Well, okay then. Surprise, America!
[RELATED: Moss says he's the best]
But surprises last only a few minutes in the Super Bowl, and Moss’ claim, heartfelt and as well-defended as he could make it, disappears into the void just as Ray Lewis’ I Never Took Deer Antlers story, the passing of the Preposterous Media Costumes at Media Day story, and the Bill Callahan Threw The Super Bowl Out Of Self-Loathing story.
It was once felt that blurting something loud and embarrassing during Super Bowl week was the worst thing a football figure could do. The flower of the planet’s media was there, ready to pounce, kill and roar its triumph. Interesting things were the enemy of all things Game Week.

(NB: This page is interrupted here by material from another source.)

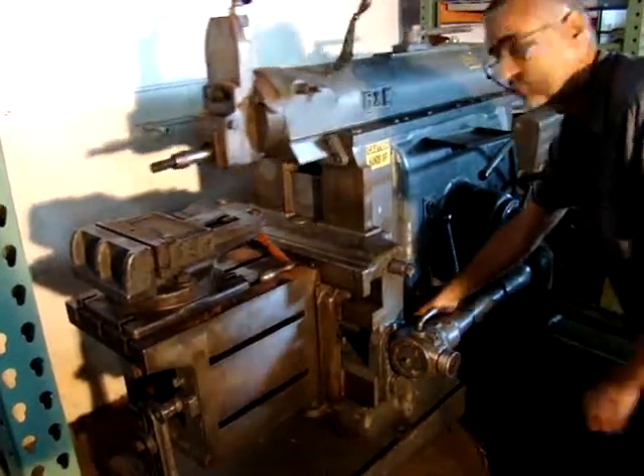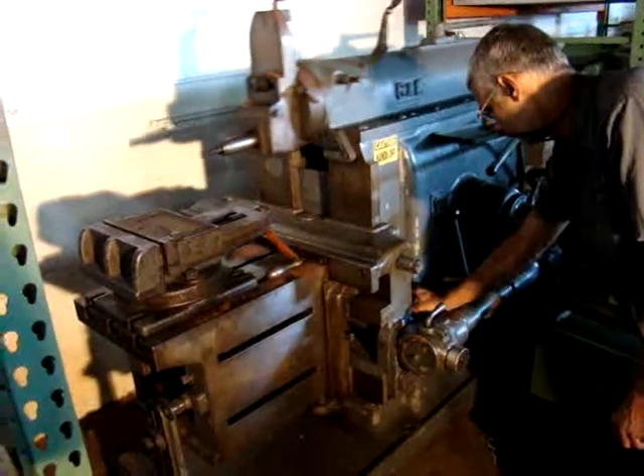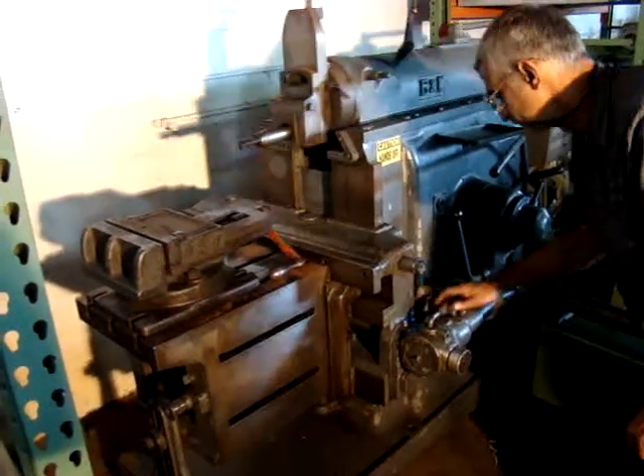Rapid feeds — left-hand feed, right-hand feed. G&E Shaper, 20-inch capacity.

Now? Please. There is no better time to flap a yap, drop a dime or shout “Freedom” right before your beheading.
And why? Because it floats off into the ether so much faster, and because there is something newer and sillier right around the bend.
Moss’ claim is at best arguable, and some folks spent the early afternoon constructing lists of receivers they felt were superior. A case for Lance Alworth here, one for Paul Warfield there . . . it all blends together.

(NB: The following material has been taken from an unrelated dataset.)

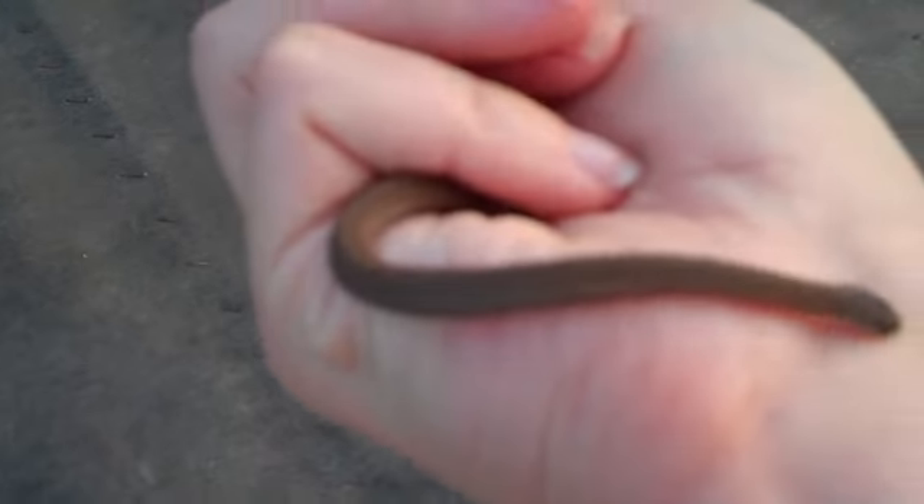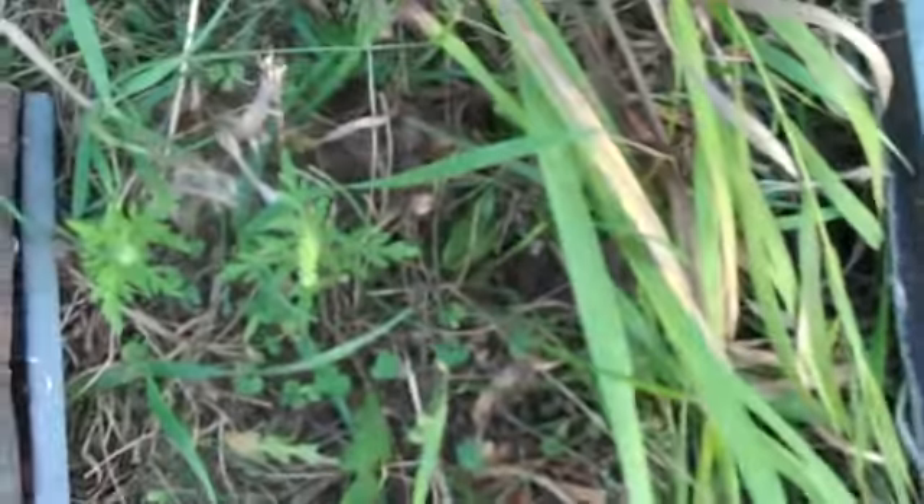He's not happy about being held. So this is the eastern red-bellied snake of South Dakota. After I'm finished, I release them. I try to release them really close to where I found them — just set them in the grass and then they'll just disappear.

And Moss’ case, that he changed the nature of the game by the way he forced opposing defenses to deal with his and his successors in the field, is just ethereal enough to make people think a moment about his claim.

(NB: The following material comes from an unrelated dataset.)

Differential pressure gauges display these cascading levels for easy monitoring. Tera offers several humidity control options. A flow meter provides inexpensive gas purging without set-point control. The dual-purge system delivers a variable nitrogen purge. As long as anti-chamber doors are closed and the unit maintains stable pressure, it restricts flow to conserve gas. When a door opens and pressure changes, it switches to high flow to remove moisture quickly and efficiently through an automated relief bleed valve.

Well, that, and his contribution to the lexicon of the game, specifically, “Mossing.”
“For me to be able to go up above the defensive back and make a catch, sort of like a slam dunk, I hear it still to this day and it’s really hard to believe that it’s me that they’re talking about,” he said. “I try to stay focused and try to stay humble and try to stay grounded, but if you go out to different parts of the country, and sometimes different parts of the world, and you hear that phrase, that little slogan, it’s hard to believe. I’m overwhelmed by it. I never thought in a million years that something like this would happen. I’ve always just wanted to play football and everything else comes secondary. For that slogan, ‘You’ve been Mossed’, is something I definitely hang my hat on.”
How this makes the best receiver ever is a matter of judgment, as defined by those who are fascinated. But Moss’ claim will disappear soon, as though it were Brown’s claim that the last good Raiders team was done in by the other word of the week, “sabotage.”
And Lewis? Even if he smeared himself in ground-up antler on a Rose Parade float, what’s the league going to do? Suspend him on Monday?
So it goes. Randy Moss is the greatest to ever do it. Or not. Depending on what you might think of Randy Moss. But maybe someone will admit to cannibalism by Friday. Or that hardy perennial player arrest on Saturday. We live in hope.